ADZINE: Es gibt mehrere Ansätze aus der Adtech-Welt, um das I/O-Geschäft zu automatisieren. Welche Argumente sollen Vermarkter überzeugen, gerade auf den DBCFM-Standard zu setzen?
Ingo Gerckens: Für DBCFM sprechen verschiedene Fakten:
- DBCFM ist ein freies Format und steht dem Markt kostenfrei zur Verfügung.
- Es gibt keinen zentralen Hub, es wird bilateral kommuniziert.
- Die Datenbasis für die Marktlösung ist frei zugänglich und kann jederzeit eingesehen werden. Sie bildet mit ihren IDs die technische Grundlage für DBCFM. Diese Daten werden auch automatisiert in vielen Systemen der Mediaagenturen und Vermarkter eingesetzt.
- Mit dem sogenannten „virtuellen Vermarkter-Regal” können Vermarkter ihr Portfolio tagesaktuell auf Planbasix abbilden lassen. Diese Daten werden in die Agentursysteme gespiegelt. Große Häuser wie beispielsweise die Ad Alliance nutzen dieses Angebot bereits.
- Mit der DBCFM Service Site können auch Vermarkter ohne “eigenes System oder eigene Schnittstelle” den Marktstandard DBCFM verwenden und “sprechen”. Das Webportal kann den kompletten Buchungsprozess abbilden und Vermarkter können sehr einfach Aufträge direkt an die Agentur bestätigen.
ADZINE: Der Standard ist bereits bei der Ad Alliance im Einsatz. Gibt es schon erste Erfahrungsberichte?

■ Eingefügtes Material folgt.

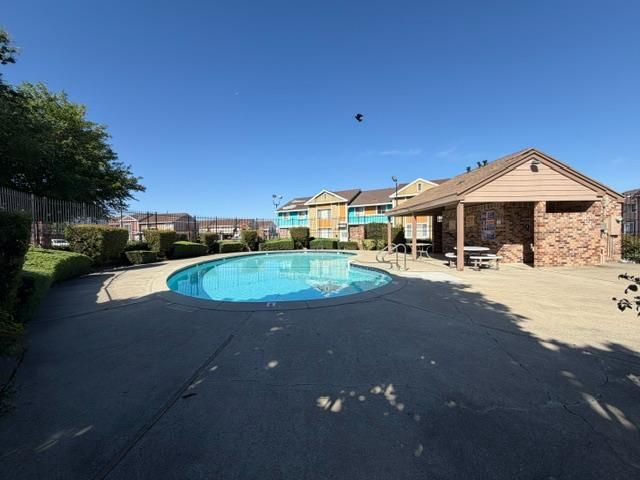 4183 Brookfield Dr, Sacramento, CA 95823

Arne Steinmetz: Der DBCFM-Standard ist ein sehr praxisorientierter Lösungsansatz, der nicht nur systemisch, sondern vor allem bei der Durchführung auf bereits gelernte und zu 99 Prozent vorhandene Prozesse und Workflows aufsetzt. Dadurch ist die Barriere so klein wie möglich gehalten, damit Mitarbeitende den DBCFM-Prozess im täglichen Doing integrieren. Nach einem intensivem Testing sind wir nun ready fürs operative Geschäft. Das Testing erfolgte im Parallelbetrieb mit der GroupM bei der wir erfolgreich erste Live-Buchungen durchgeführt haben. Die Learnings: Effizienzgewinn durch den DBCFM-Standard hinsichtlich Zeitersparnis und Arbeitsaufwand, und das über den gesamten Buchungsfunnel hinweg – angefangen beim Briefing über Angebot bis hin zur Buchung. Für Vermarkter bietet der DBCFM-Standard also die Möglichkeit, ihr I/O-Geschäft zu automatisieren, ohne auf die Vorteile von Direktbuchungen zu verzichten. Der Invest zum Aufbau des Standards hat sich somit in jeglicher Hinsicht gelohnt und wir sind überzeugt, dass sich das Thema weiter positiv entwickeln und durchsetzen wird.